Hidden Flick: It’s Only A Model

But first, since I’d hate to sound like I am writing anything remotely traditional, let’s look at some random animation that is hidden within the realm of the Big Picture, shall we? The Mystery of the Lost Spider Pit Sequence is a short feature in the box set of the 1933 original version of King Kong. Basically, Peter Jackson, fresh off the triumph of the Lord of the Rings films, decided to revisit a favorite childhood movie, and remade Kong. He also had a chance to remake a lost sequence that was not in the original. And so the resourceful chap recreated the famous spider pit sequence, and filmed it in the style of the ’33 version, complete with cheesy special effects, and stop motion animation. It is amazing how close Jackson got to the spirit of the old and creepy vibe without sacrificing the original intentions of the equally talented visionary, Merian C. Cooper.

Elsewhere, of course, there is the Lego Edition of The Knights of the Round Table. Yes, this week’s edition is titled after the opening of that sequence in Monty Python and the Holy Grail where Graham Chapman, as King Arthur, raves about seeing Camelot, and Terry Gilliam, as his trusty servant, Patsy, quips, “It’s only a model.” In the two-disc set, there is a 97-second Lego recreation of that scene, complete with the soundtrack, and if children are nearby, they will want you to replay the sequence 50 times so be forewarned.

Then, of course, we have two animated television series, both from different eras. First, there is Peter Chung’s groundbreaking Aeon Flux, made in the early 1990s, which he masterminded for MTV’s Liquid Television program. Second, we have Gilgamesh, a dark gothic anime set in the near future, and released at the dawn of the 21st century. The former was a minimalist mindbender when it hit MTV, and often, I feel that Chung’s season 2, 5 three-to-five-minute episodes, without dialogue, were his most lean, perfected work. Yes, Flux dies in every installment, but it makes the action appear almost like a recurring nightmare, or dream, depending upon which side of the cosmic bed you dwell.

The latter, I mention because of its incredibly morose subject matter, and ability to hover in the deepest regions of one’s soul without appearing evil, sinister, or misguided. Gilgamesh was a true original series, and the third episode of the opening season, titled Children of a Lesser God, isn’t its masterpiece, but it does have the hidden qualities I enjoyed about the series—the twisted artistic choices, the large post-apocalyptic issues studied in thoughtful repose, and the long passages of dialogue-free character studies.
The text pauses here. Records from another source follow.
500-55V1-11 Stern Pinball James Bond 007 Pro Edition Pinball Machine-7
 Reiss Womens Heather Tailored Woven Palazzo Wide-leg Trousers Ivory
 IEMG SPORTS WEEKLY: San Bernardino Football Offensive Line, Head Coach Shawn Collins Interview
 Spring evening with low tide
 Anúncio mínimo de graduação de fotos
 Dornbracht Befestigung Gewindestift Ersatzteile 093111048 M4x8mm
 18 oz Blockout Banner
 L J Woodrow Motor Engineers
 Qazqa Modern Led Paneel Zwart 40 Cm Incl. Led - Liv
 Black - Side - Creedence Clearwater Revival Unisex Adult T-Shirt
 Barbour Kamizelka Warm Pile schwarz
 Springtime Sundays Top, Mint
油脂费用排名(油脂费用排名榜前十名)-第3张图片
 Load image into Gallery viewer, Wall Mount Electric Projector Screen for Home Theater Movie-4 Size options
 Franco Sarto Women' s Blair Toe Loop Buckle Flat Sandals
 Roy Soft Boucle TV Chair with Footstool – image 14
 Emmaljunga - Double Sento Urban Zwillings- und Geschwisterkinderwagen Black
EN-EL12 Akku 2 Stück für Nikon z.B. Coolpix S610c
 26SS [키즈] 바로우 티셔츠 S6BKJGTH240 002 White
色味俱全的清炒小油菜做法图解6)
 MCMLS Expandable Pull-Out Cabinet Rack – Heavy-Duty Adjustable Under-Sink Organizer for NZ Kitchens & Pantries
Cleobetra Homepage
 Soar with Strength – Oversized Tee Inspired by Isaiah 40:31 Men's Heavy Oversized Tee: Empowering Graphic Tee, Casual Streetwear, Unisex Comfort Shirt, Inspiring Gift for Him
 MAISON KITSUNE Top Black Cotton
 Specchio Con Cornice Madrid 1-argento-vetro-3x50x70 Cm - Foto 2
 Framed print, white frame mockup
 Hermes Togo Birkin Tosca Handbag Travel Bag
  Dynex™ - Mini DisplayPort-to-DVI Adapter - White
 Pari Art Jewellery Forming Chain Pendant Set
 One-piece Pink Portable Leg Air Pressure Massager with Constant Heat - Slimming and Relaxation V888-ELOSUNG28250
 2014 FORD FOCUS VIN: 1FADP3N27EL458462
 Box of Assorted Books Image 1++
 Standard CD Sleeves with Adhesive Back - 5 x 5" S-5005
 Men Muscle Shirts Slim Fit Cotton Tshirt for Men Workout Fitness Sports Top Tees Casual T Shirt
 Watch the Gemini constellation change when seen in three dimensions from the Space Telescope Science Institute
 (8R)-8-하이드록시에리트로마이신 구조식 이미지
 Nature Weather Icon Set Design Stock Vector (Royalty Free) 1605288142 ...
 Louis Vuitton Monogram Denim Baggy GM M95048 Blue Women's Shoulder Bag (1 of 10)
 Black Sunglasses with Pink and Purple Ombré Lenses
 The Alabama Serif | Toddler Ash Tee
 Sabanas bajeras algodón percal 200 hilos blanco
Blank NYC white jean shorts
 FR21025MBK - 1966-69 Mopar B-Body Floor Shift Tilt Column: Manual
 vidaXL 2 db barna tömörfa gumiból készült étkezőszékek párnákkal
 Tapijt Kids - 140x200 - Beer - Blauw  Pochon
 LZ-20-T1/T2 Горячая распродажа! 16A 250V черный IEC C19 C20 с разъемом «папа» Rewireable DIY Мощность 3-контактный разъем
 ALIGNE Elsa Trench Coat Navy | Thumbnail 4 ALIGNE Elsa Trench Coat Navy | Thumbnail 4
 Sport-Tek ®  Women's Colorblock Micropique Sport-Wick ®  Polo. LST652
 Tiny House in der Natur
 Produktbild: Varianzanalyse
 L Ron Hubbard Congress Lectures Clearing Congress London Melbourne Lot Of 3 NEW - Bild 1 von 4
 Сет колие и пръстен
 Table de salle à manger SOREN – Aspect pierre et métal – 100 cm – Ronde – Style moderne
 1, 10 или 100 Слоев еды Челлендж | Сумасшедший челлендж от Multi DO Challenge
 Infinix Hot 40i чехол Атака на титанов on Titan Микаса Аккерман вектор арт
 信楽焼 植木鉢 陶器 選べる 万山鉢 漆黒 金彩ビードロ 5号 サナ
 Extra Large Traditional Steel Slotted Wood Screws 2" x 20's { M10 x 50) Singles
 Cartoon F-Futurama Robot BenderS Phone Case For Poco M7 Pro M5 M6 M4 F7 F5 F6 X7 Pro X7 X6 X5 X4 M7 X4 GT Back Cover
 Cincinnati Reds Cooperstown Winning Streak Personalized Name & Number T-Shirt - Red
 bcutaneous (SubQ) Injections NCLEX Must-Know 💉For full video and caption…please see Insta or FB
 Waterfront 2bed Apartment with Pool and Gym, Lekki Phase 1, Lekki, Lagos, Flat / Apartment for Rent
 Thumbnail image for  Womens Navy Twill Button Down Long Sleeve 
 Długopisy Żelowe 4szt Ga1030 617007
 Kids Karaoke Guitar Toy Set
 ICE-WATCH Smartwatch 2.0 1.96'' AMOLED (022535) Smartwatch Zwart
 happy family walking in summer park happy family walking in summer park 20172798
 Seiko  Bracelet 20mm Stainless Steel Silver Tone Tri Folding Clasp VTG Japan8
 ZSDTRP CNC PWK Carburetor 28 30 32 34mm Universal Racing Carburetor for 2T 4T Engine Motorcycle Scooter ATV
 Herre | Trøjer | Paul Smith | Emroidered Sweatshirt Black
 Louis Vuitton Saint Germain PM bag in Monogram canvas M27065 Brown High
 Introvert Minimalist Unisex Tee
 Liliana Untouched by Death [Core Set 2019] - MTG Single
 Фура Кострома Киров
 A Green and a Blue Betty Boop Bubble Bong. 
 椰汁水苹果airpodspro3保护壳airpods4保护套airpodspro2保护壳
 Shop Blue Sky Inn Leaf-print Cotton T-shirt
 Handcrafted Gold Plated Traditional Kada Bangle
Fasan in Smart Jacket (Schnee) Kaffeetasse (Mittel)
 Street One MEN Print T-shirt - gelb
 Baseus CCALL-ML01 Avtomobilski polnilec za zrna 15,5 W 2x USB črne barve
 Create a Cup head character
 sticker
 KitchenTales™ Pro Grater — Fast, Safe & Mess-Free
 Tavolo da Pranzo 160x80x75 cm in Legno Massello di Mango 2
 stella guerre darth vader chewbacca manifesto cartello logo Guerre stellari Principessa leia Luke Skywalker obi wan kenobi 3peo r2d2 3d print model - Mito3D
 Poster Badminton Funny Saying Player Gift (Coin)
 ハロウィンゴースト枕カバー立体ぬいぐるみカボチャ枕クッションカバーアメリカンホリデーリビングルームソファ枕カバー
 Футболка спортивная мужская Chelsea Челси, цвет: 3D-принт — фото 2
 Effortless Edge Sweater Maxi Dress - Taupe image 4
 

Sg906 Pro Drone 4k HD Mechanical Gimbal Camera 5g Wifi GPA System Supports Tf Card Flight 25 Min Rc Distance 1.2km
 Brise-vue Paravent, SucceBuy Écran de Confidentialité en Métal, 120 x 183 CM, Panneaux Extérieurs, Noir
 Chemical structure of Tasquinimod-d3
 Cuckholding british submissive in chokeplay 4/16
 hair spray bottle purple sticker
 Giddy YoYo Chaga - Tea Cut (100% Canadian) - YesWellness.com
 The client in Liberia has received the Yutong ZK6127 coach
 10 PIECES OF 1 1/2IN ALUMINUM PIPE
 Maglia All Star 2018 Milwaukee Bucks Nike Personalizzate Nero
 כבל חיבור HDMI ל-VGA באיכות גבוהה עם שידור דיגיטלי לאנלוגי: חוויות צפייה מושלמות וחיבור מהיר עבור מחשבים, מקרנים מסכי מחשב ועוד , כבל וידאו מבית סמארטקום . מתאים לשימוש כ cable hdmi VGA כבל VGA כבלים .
And all of that animated random history brings us to Magnetic Rose, the lead-off film in the Memories compilation, and this week’s Hidden Flick. Set in 2092, two men aboard a deep space freighter respond to an abandoned space station’s distress signal. Only, it is not devoid of life, as one expects, and exists in some sort of metaphysical region bereft of the normal laws of time and space, offering hallucinatory holographic histories which impact and intertwine an elusive AI and Future Man. And oh yeah, the station scenes feature absolutely stunning sequences of operatic grandeur that leave one awestruck and spellbound. Literally. A floating diva, appearing to be from a distant past, is actually an opera singer delivering her lyrical tale to those who come to visit; music weds with pathos, and the hidden thoughts of ‘when are we?’ aren’t as tantalizing as ‘who are we?’.

Magnetic Rose is vastly different from Katsuhiro Otomo’s other manga stories and the legendary Akira film. Indeed, Rose is actually more of an Otomo story that was developed and enhanced by its director, Koji Morimuto. In the ‘making of’ featurette, Morimoto actually stated that he needed to escape from the ‘Otomo’ influence in order to flesh out his own version of the story—to deOtomo, in a way, a piece of anime so that it could breathe on its own. And yet, even though Otomo had great creative and commercial success with so many manga stories, and the Akira monolithic totem, it is interesting that Morimuto found an angle that was not always present in the Otomo world. Koji Morimuto made a brief work of art—Magnetic Rose clocks in at less than an hour—by combining all of the elements of animation up to that time, and conjuring the poetic grace of storytelling, with a fair dose of the Otomo mystique, all while cast in the drapery of the rich bombast of opera, to tell a genuinely unique story for the ages.

In a way, these techniques parallel the process of Frank Oz and his work with Yoda as the original puppetmaster within the grand arc of George Lucas’s Star Wars Universe. Oz knew that he needed to do something different with the Jedi Master, capturing the essence of a mystical wizard in the frame of a fat and floppy-eared dwarf, but do it in a way which provides wisdom, instead of laughter, and Oz nailed it. So, too, did Morimuto—directing the incomparable Magnetic Rose based on a template from the complex mind of Katsuhiro Otomo, and raising the animation bar even higher.